Excluding statistical variations inherent in measuring performance parameters, unexpected deviations from either the acceptance standard or the expected degradation trend usually indi-cate developing problems that may portend failure of the equipment. Having been shown many times that this is much more cost-effective than the old “run to failure and ensure a series of stomach-ulcer-generating crises” method of plant maintenance, most industries in the 21st century still don’t seem to have adopted it.

At this point in the process, the condition-monitoring data that’s been collected over time can be used to turn a condition-monitoring program into a predictive-maintenance program. This is accomplished by leveraging the historical data to predict, by numerical extrapolation, when equipment failure can be expected. Based on this type of prediction, repair or replacement of the equipment can be conveniently scheduled prior to failure.

When condition monitoring and predictive maintenance are done well, the run-time of equipment is maximized—and unexpected plant downtime and labor overtime costs are minimized. This, in turn, boosts a company’s bottom line, improves the quality of work life for employees and, like Gershwin opined, “…the livin’ is easy.”

Unfortunately, the transition from condition monitoring to predictive maintenance is the point where most mistakes in a predictive maintenance system are made. The three most common mistakes are:

1) Linear extrapolation
2) A rigid data-sampling period
and
3) Incomplete inspection feedback

Mistake #1: Linear extrapolation
Fundamentally, extrapolation using linear functions is usually inaccurate for predicting failure.

If the performance parameter of a piece of equipment that is running well was “A” six months ago and is now “B,” connecting “A” to “B” with a straight line that is then extended into the future until it crosses the “unacceptable” performance level typically won’t provide a useful answer about when failure may occur. Generally, it overestimates when failure might occur—make that “grossly” overestimates.

During the period when a particular piece of equipment is operating well, it often appears that the observed degradation trend is linear. That’s because changes in the key performance parameters being measured may not change much over a relatively long period, especially when the equipment is operating in the flat part of its “bathtub curve.” This is the portion of the curve where failures are primarily due to random causes, not wear or end-of-service-life effects.
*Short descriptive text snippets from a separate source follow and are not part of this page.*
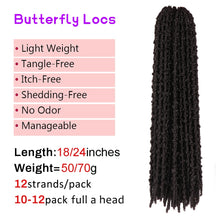 Load image into Gallery viewer, Skhek Synthetic 18inch Butterfly Locs Crochet Hair Soft Locs Crochet Braids Handmade Distressed Faux Locs Hair Extension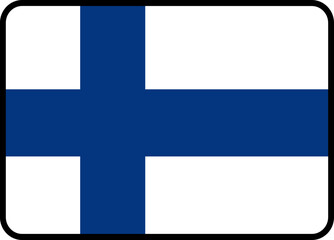 Obraz premium Finland Flag Rounded Rectangle Icon
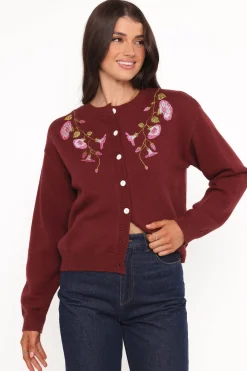 Brittany Placed Embroidery Flower Cardigan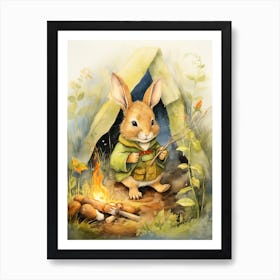 Bunny Camping Rabbit Prints Watercolour 2 Art Print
When equipment is operating in this type of zone, performance-parameter changes can reasonably be approximated by a line. Furthermore, during this particular operating period, the dominant degradation mechanism may indeed be a linear—or nearly linear—physical function.

Consider the simplified bathtub curve depicted in Fig. 1. The “time” axis has been greatly shortened due to space; for this reason it is often plotted on a logarithmic scale. Typically, the infant mortality zone will be a few days or weeks, the random failure zone will be years and the wear-out failure zone will be days or weeks. Note that the observed overall failure rate—the blue line—is composed of three independent factors that are summed:

1. Infant mortality failures (red dotted line)
2. Wear-out failures (orange dotted line)
and
3. Random failures (green solid line)

As the bathtub curve suggests, the time between the infant-mortality zone and the wear-out failure zone constitutes the major portion of an item’s service life. This is the area of operation where the likelihood of failure is lowest, and operating performance parameters don’t change much for a long time.
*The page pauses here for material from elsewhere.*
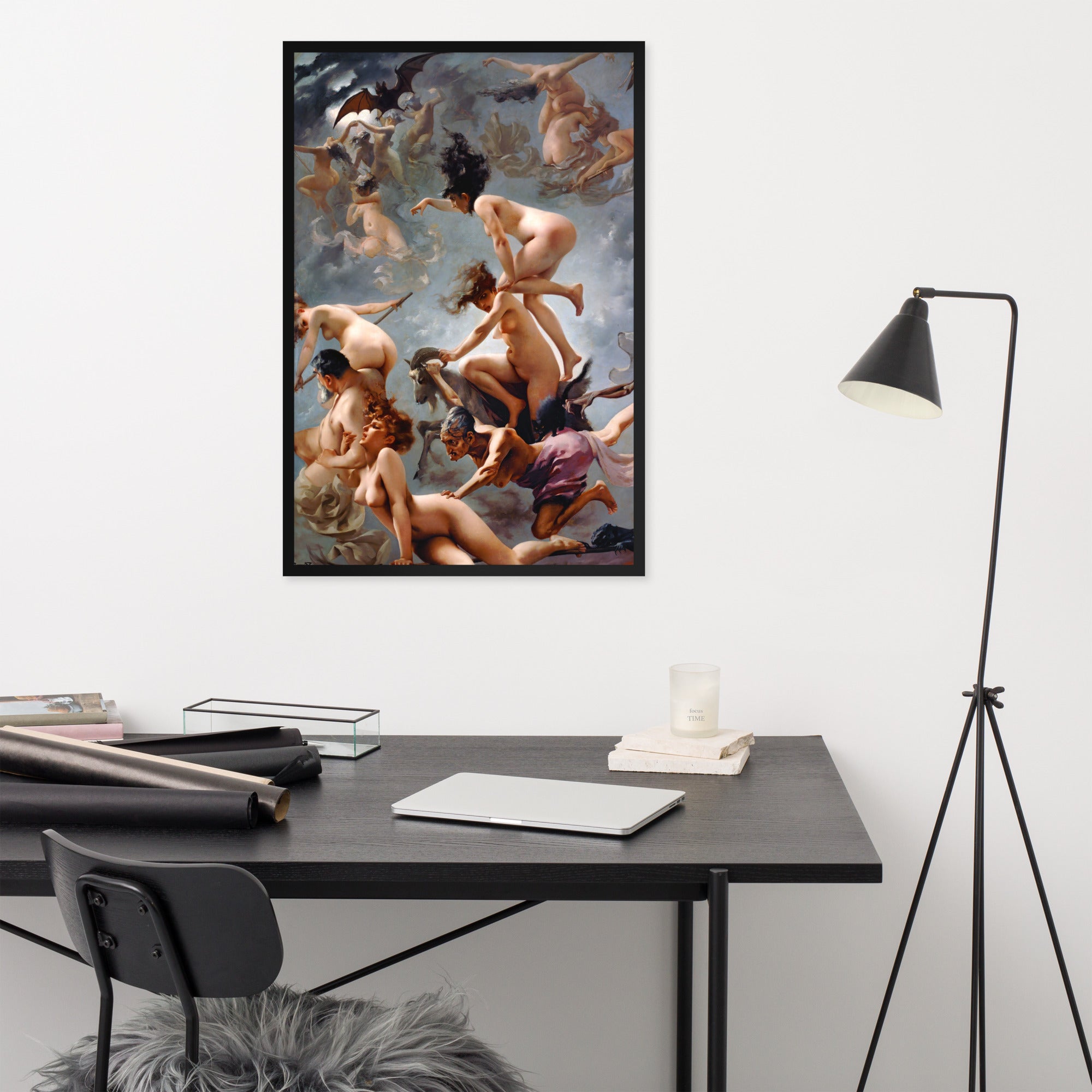 Witches going to their Sabbath by Luis Ricardo Falero, Framed Museum Quality Poster/Print, Available in Multiple Sizes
As Fig. 1 implies, when failure occurs, it’s usually a combination of several physical mechanisms interacting with one another. The net effect of this interaction is to accelerate the failure process. Consequently, as failure approaches, performance parameters often degrade exponentially.

Consider the following example that involved a newly installed, 2-pole, 3-phase motor. The motor was rated for 2500 hp at 4160 v.a.c. and 300 amperes, operated at 3570 rpm and rated for a temperature rise of 50 C degrees. It ran constantly when the plant was operating. The rated resistance from terminal to terminal in a phase was 0.0329 ohms.

Measured motor-testing data collected during each scheduled plant outage indicated that the motor had increased its phase-to-phase resistance imbalance from 0.0 to 0.70% in its first 18 months of service. The resistance imbalance then increased again from 0.70% to 1.98% in the next 18-month period (after a total of 36 months of service). Since measurements were made at the motor’s junction box, the resistance measurements also included the power supply cables.

The company had previously established an acceptance standard of 2.00% resistance imbalance. As long as this imbalance was less than 2.00%, the condition of the motor would be considered acceptable. (If resistance imbalance was 2.00% or higher, the company’s procedure would require checking for possible high-resistance connection problems.) Since the resistance imbalance was 1.98%, the measurement was considered to be within the acceptance criterion, and the motor was put back in service for another 18 months.

Fig. 2. Plot of the referenced motor resistance-imbalance measurements (click to enlarge)

The blue line in Fig. 2 plots the three resistance-imbalance measurements versus service time. The three points are connected with a straight line. The slope of the line in the first 18 months showed a 0.0388% increase per month. At this rate, the 2% acceptance criterion would be crossed after a service time of 51.4 months.

Since the next scheduled plant outage was at 36 months, the initial linear extrapolation to failure indicated that the motor would make it to the next outage at 36 months. Typically, for motors rated at 600 v.a.c. or more, a measured resistance imbalance of 3% or higher is well into the range for immediate failure. Imbalances that high cause large negative sequence currents that overheat insulation. Since the initial linear extrapolation predicted a resistance imbalance of 2.09% at 54 months—just a bit over the 2% acceptance criteria—the motor would also probably operate well enough to last that long.

During the next outage, resistance imbalance was measured to be 1.98%. The expected value provided by the initial linear extrapolation was 1.40% resistance imbalance. During the second period of 18 months, the linear rate of resistance-imbalance had significantly changed from an increase of 0.0388% per month to an increase of 0.0711% per month.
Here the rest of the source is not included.